Bonizzoni Paola, Mauri Giancarlo, Pesole Graziano, Picardi Ernesto, Pirola Yuri, Rizzi Raffaella
Dipartimento di Informatica Sistemistica e Comunicazione, Università degli Studi di Milano-Bicocca, Milano, Italy.
J Comput Biol. 2009 Jan;16(1):43-66. doi: 10.1089/cmb.2008.0028.
Alternative splicing (AS) is currently considered as one of the main mechanisms able to explain the huge gap between the number of predicted genes and the high complexity of the proteome in humans. The rapid growth of Expressed Sequence Tag (EST) data has encouraged the development of computational methods to predict alternative splicing from the analysis of EST alignment to genome sequences. EST data are also a valuable source to reconstruct the different transcript isoforms that derive from the same gene structure as a consequence of AS, as indeed EST sequences are obtained by fragmenting mRNAs from the same gene. The most recent studies on alternative splice sites detection have revealed that this topic is a quite challenging computational problem, far from a solution. The main computational issues related to the problem of detecting alternative splicing are investigated in this paper, and we analyze algorithmic solutions for this problem. We first formalize an optimization problem related to the prediction of constitutive and alternative splicing sites from EST sequences, the Minimum Exons ESTs Factorization problem (in short, MEF), and show that it is Np-hard, even for restricted instances. This problem leads us to define sets of spliced EST, that is, a set of EST factorized into their constitutive exons with respect to a gene. Then we investigate the computational problem of predicting transcript isoforms from spliced EST sequences. We propose a graph algorithm for the problem that is linear in the number of predicted isoforms and size of the graph.
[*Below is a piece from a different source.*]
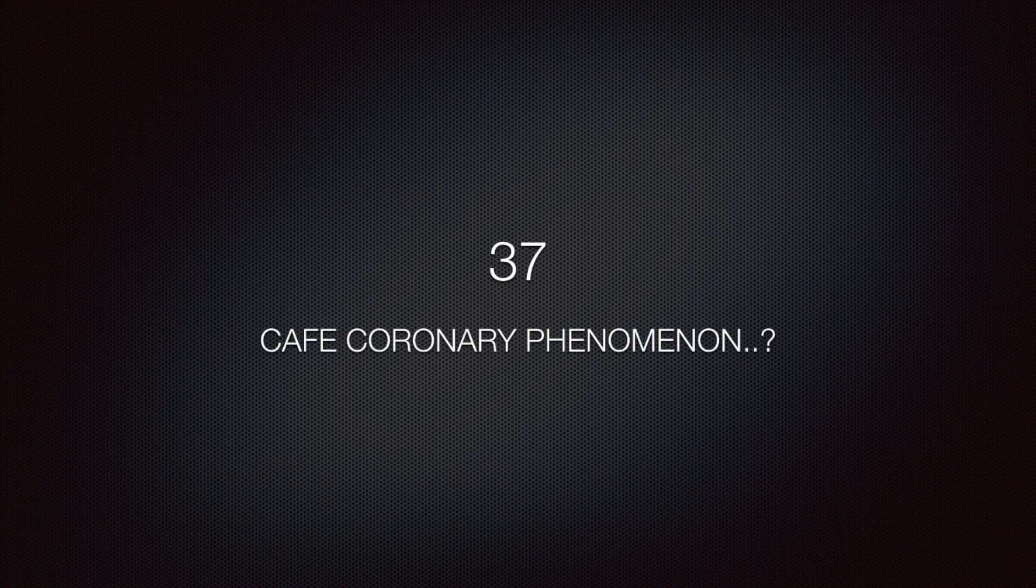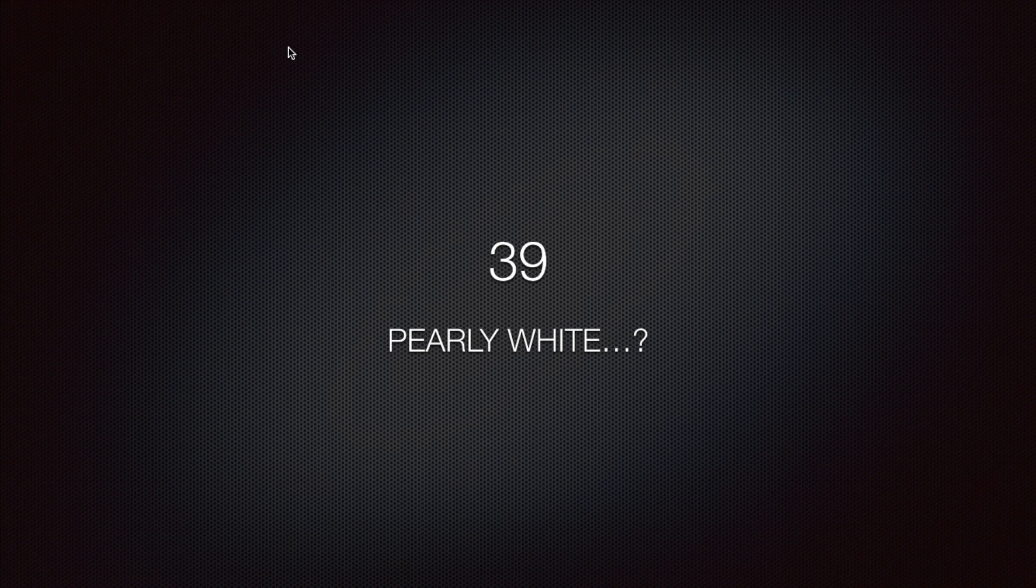Why foreign bodies will readily enter into the larynx if the internal laryngeal nerve is damaged? What do you understand by Caffe-coronary phenomenon? Why swelling of vocal cords is rare in acute laryngitis? And why vocal cords appear pearly white in color?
Finally, an experimental analysis of the method is performed to assess the reliability of the predictions.
可变剪接(AS)目前被认为是能够解释人类预测基因数量与蛋白质组高复杂性之间巨大差距的主要机制之一。表达序列标签(EST)数据的快速增长推动了从EST与基因组序列比对分析中预测可变剪接的计算方法的发展。EST数据也是重建由于可变剪接而源自相同基因结构的不同转录本异构体的宝贵来源,因为EST序列确实是通过将来自同一基因的mRNA片段化而获得的。关于可变剪接位点检测的最新研究表明,这个主题是一个极具挑战性的计算问题,远未得到解决。本文研究了与可变剪接检测问题相关的主要计算问题,并分析了针对该问题的算法解决方案。我们首先形式化一个与从EST序列预测组成型和可变剪接位点相关的优化问题,即最小外显子EST分解问题(简称为MEF),并表明即使对于受限实例,它也是NP难的。这个问题促使我们定义剪接EST集,即相对于一个基因分解为其组成型外显子的一组EST。然后我们研究从剪接EST序列预测转录本异构体的计算问题。我们针对该问题提出了一种图算法,该算法在预测异构体数量和图的大小方面是线性的。最后,对该方法进行了实验分析,以评估预测的可靠性。